Несмотря на грандиозные запои, из которых выползал со все большими потерями для здоровья, Сережа о смерти не помышлял. Просто не держал в уме. Смерть не входила в круг его интересов, размышлений и планов. Исключая последние три месяца жизни. Он мог говорить, что из следующего запоя не выкарабкается, он собирал и пристраивал свой литературный архив, но в глубине души и до мозга костей в смерть для себя не верил. Или запретил ее для себя даже в предположении. Часто прикидывал старость. Заботился ее обеспечить. К смерти, к мертвому у него была резко эстетическая неприязнь. Мертвого – друга, приятеля, родственника – он сразу отметал. Как-то глумливо самоутверждался на смерти ровесников. Чужая смерть давала ему допинг на жизнь.
Сережа был фанатом – и в работе, и в жизни – настоящего протяженного. Отсюда – выпуклый, животрепещущий сюр его рассказов. В жизнь это вносило привкус сиюминутной вечности.
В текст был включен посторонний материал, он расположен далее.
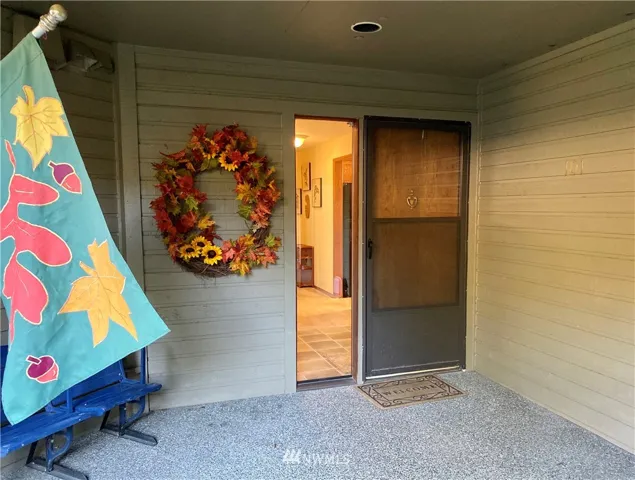 Private Covered Front Entry.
Довлатов принадлежал к числу тех жизнеодержимых людей, которые, взглянув на старинную картину, гравюру или фотографию с людьми, тут же воскликнут: все – мертвецы.
Интенсивно, в упор переживая настоящее, Сережа не интересовался будущим временем. Говорил, что будущее для него – это завтра, в крайнем случае – послезавтра. Дальше не заглядывал. Прошедшее его не угрызало – он отправлялся туда исключительно по писательской нужде. Был равнодушен к памяти – она его не жгла.
Он также был не большой охотник кота назад прогуливать. В пережитое наведовался только по делу, за конкретностью, которой был фанатик.
Раз заходит ко мне Сережа с необычным для него предложением – вместе вспомнить старое. Не из сентиментальности, а для работы. Что-то заело в его фактографе из 50-х годов. Давняя конкретность ускользала. Вот он и предложил прогуляться по словарю вспять – до вещного мира нашего детства.
Были извлечены из 35-летней могилы чернильницы-непроливашки в школьных партах, промокашки, вставочки и лучшие номерные перья. Обдирочный хлеб, толокно, грушевый крюшон и сливовый «Спотыкач» (Сережа не вспомнил), песочное кольцо, слойки и груша бере зимняя Мичурина. Среди прочего – чулки фильдекосовые и фильдеперсовые, трикотажные кальсоны с начесом и с гульфиком – в бежевых ходили по квартире и принимали гостей. Как в лагере выкладывали линейку еловыми шишками. Вечерние рыдания пионерского горна: спаать, спаать по па-лааа-там.